# How much does a tokay bite hurt?



## PresidentDead (Nov 2, 2008)

Only had mine a few weeks but inevitably no doubt I'll get bitten cause the ones insane, all I know is its a "nasty bite" from a book but has anyone been bitten by one on here? And would you say it hurts more than been bitten repeatedly by a hamster with sharp teeth?


----------



## zoe6660 (Jun 3, 2007)

PresidentDead said:


> Only had mine a few weeks but inevitably no doubt I'll get bitten cause the ones insane, all I know is its a "nasty bite" from a book but has anyone been bitten by one on here? And would you say it hurts more than been bitten repeatedly by a hamster with sharp teeth?


try it lol
Dont really, i think hamsters hurt the most i cant imagine getting bit by a lizard it looks stupid lol i think it would be a bit pain there coz anything that bites will hurt. look for pictures on google.


----------



## ichis-mom (May 25, 2008)

i think its more of the shock that hurts


----------



## the-reptile-mafia (Jan 4, 2008)

Stick your hand in and lert it have a lil munch, im not trying to sound hard but its better to know what to expect than waite for it not knowing how much itll hurt, i did this when i first got mine and honest it bleeds and hurts a bit but its not as bad as anyone makes out :lol2:


----------



## RasperAndy (Sep 21, 2007)

its not the bite thats the pain, its getting the little :censor: to let go!!!!

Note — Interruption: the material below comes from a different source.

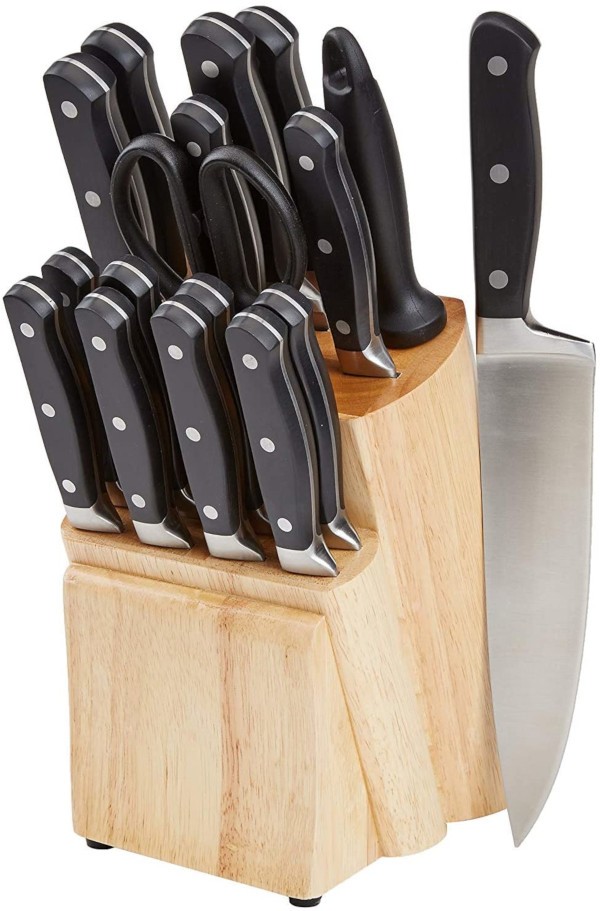 Set coltelli con ceppo AmazonBasic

a bite is a bite, small juveniles may be a lighter bite than a fully grown adult, as the mouth is bigger :lol2:

get your other half to put his finger in and test it out for you :whistling2:


----------



## zoe6660 (Jun 3, 2007)

the-reptile-mafia said:


> Stick your hand in and lert it have a lil munch, im not trying to sound hard but its better to know what to expect than waite for it not knowing how much itll hurt, i did this when i first got mine and honest it bleeds and hurts a bit but its not as bad as anyone makes out :lol2:


lol mad head, im too scared to get bitten im careful with all the pets i got and i have been very lucky. i got bit by a baby corn snake it didnt hurt but it made me jump.


----------



## cooljules (May 20, 2008)

i have been bitten lots of times...hurts like hell if its a adult and wont let go.


----------



## PresidentDead (Nov 2, 2008)

LOL
I like Andys idea tbh, next time he comes over I'll be like "if you love me..."
I was thinking about just letting one bite me but when like they've bitten the gloves I wear to move them if Im cleaning out and I can still feel it slightly im like hmm : /

I think they're like sub adults atm, going to have fun on wednesday got to take them all to the vets cause the ones looking a bit dodgy, think they might be wild caught? I love the noise they make when you poke them though


----------



## RasperAndy (Sep 21, 2007)

WC are normally cheaper than CB, as people who breed them often do a bit of taming down before selling them, so you get a nicer Tokay (temperament wise)

WC are normally skinnier and just plain angry with the world :lol2:


----------



## lennon (Oct 3, 2008)

RasperAndy said:


> its not the bite thats the pain, its getting the little :censor: to let go!!!!
> 
> a bite is a bite, small juveniles may be a lighter bite than a fully grown adult, as the mouth is bigger :lol2:
> 
> get your other half to put his finger in and test it out for you :whistling2:



i like this reply as ive seen one bite a guy and funny enough he screemed like my niece ..he he and it wouldnt let go .


----------



## RasperAndy (Sep 21, 2007)

lennon said:


> i like this reply as ive seen one bite a guy and funny enough he screemed like my niece ..he he and it wouldnt let go .


why thankyou : victory:


----------



## PresidentDead (Nov 2, 2008)

Yeah mine were fairly skinny when I had them, didnt cost that much either. But the ones like constantly dark and rather skinny despite the fact it eats alot, I've now taken it out and it's in its own tank away from anything else cause i heard that it could possibly have worms or something so im taking all 3 to get checked out, but theres one that just hates everything and it'll just open its mouth at anything that moves lol


----------



## Babygecko (Jun 30, 2008)

'i think it would be a bit pain there coz anything that bites will hurt.'

My baby geckos don't hurt when they bite  Although once it made me jump so much that I knocked the food bowl out of the vivarium and calcium powder went all over the room, Opal (one of my geckos) looked quite pleased with herself


----------



## wazdav (Jan 20, 2008)

Makes you jump more than hurts and they tend to hang on for a bit as well!!!


----------